RESULTS OF OPERATIONS

        Three Months Ended June 30, 2000 Compared to Three Months Ended June 30,
1999.

        Revenues. For the three months ended June 30, 2000, total revenues were
$22,704,000 compared to $23,146,000 for the three months ended June 30, 1999,
representing a decrease of $442,000, or 1.9%.
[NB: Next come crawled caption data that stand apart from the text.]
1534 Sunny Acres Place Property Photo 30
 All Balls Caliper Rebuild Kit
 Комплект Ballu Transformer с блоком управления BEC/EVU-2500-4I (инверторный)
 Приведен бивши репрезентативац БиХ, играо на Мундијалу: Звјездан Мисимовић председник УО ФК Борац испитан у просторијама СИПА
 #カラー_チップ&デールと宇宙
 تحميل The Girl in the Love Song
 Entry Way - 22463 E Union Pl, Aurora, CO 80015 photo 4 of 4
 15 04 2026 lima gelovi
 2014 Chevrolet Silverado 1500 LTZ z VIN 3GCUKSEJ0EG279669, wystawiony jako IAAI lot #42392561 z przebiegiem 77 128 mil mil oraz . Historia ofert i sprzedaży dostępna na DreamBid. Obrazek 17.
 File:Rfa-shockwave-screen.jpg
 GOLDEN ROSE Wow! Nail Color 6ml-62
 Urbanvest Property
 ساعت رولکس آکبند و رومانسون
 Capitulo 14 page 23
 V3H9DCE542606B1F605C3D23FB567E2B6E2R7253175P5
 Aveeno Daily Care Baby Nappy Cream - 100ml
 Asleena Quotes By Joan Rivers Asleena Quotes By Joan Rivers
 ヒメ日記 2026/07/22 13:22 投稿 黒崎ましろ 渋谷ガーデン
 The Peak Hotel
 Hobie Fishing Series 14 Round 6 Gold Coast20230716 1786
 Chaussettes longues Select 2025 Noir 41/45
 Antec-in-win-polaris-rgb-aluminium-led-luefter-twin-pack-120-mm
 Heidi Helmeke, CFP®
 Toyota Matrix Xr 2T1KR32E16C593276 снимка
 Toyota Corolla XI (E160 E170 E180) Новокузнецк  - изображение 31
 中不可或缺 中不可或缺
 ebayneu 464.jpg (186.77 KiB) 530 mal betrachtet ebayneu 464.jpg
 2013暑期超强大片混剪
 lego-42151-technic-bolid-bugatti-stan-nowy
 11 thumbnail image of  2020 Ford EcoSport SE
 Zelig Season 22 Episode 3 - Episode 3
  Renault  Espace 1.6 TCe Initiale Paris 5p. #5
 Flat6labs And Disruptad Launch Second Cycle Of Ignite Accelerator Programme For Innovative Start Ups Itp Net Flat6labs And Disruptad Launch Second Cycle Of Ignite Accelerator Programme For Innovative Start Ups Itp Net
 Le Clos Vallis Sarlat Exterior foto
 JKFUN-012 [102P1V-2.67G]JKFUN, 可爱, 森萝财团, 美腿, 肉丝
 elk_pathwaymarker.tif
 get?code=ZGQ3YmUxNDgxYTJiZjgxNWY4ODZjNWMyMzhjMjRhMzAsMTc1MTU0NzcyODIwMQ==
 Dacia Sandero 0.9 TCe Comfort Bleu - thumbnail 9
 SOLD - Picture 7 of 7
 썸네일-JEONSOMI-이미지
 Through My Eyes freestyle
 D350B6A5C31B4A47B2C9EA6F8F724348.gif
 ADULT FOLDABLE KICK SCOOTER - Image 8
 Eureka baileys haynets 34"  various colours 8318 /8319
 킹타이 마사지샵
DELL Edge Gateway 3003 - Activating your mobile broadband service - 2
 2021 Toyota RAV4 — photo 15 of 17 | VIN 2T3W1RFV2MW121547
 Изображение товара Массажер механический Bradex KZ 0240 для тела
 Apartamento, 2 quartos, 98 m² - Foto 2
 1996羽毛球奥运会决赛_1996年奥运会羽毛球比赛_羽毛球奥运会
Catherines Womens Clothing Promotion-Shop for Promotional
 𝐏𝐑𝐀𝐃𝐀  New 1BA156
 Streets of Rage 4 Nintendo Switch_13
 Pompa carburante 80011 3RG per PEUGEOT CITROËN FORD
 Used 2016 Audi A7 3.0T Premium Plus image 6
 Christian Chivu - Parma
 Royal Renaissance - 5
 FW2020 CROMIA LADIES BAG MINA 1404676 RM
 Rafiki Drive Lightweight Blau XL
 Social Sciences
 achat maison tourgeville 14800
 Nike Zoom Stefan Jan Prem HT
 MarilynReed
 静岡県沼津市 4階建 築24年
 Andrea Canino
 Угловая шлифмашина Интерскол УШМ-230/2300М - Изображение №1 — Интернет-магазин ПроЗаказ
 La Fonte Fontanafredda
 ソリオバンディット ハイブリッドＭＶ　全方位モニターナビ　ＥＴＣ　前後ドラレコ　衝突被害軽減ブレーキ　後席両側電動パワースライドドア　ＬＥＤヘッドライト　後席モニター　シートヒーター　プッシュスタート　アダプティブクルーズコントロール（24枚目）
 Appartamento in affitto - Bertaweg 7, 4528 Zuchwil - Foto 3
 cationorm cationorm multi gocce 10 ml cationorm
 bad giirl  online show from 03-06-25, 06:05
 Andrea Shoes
        Cardiac information services revenues were $10,144,000 for the three
months ended June 30, 2000, compared to $10,953,000 for the three months ended
June 30, 1999, a decrease of $809,000, or 7.4%. The decrease in revenues for
cardiac information services was due primarily to lower revenues from CEDS as a
result of lower test volumes. Diagnostic imaging services revenue was $5,990,000
for the three months ended June 30, 2000, compared to $5,207,000 for the three
months ended June 30, 1999, an increase of $783,000, or 15.0%, due primarily to
increases in revenue at certain centers and the imaging network due to an
increase in patient volumes. Heart facilities and other revenues were $6,570,000
for the three months ended June 30, 2000, compared to $6,986,000 for the three
months ended June 30, 1999, a decrease of $416,000, or 6.0%, due primarily to
lower revenue at certain cardiovascular diagnostic facilities, partially offset
by an increase in revenue from HFHI.


                                       9
<PAGE>   10

        Operating Expenses. Operating costs and selling, general and
administrative expenses increased by $1,221,000, or 6.7% (excluding the
provision for OIG expenses), from $18,261,000 for the three months ended June
30, 1999 to $19,482,000 for the three months ended June 30, 2000 due primarily
to increases in costs and expenses in diagnostic imaging services and cardiac
information services. Operating costs and selling, general and administrative
expenses as a percentage of total revenues increased by 6.9%, from 78.9% for the
three months ended June 30, 1999 to 85.8% for the three months ended June 30,
2000.

        Provision for OIG Expenses. The Company has provided $2,000,000 for
expected expenses associated with the OIG investigation.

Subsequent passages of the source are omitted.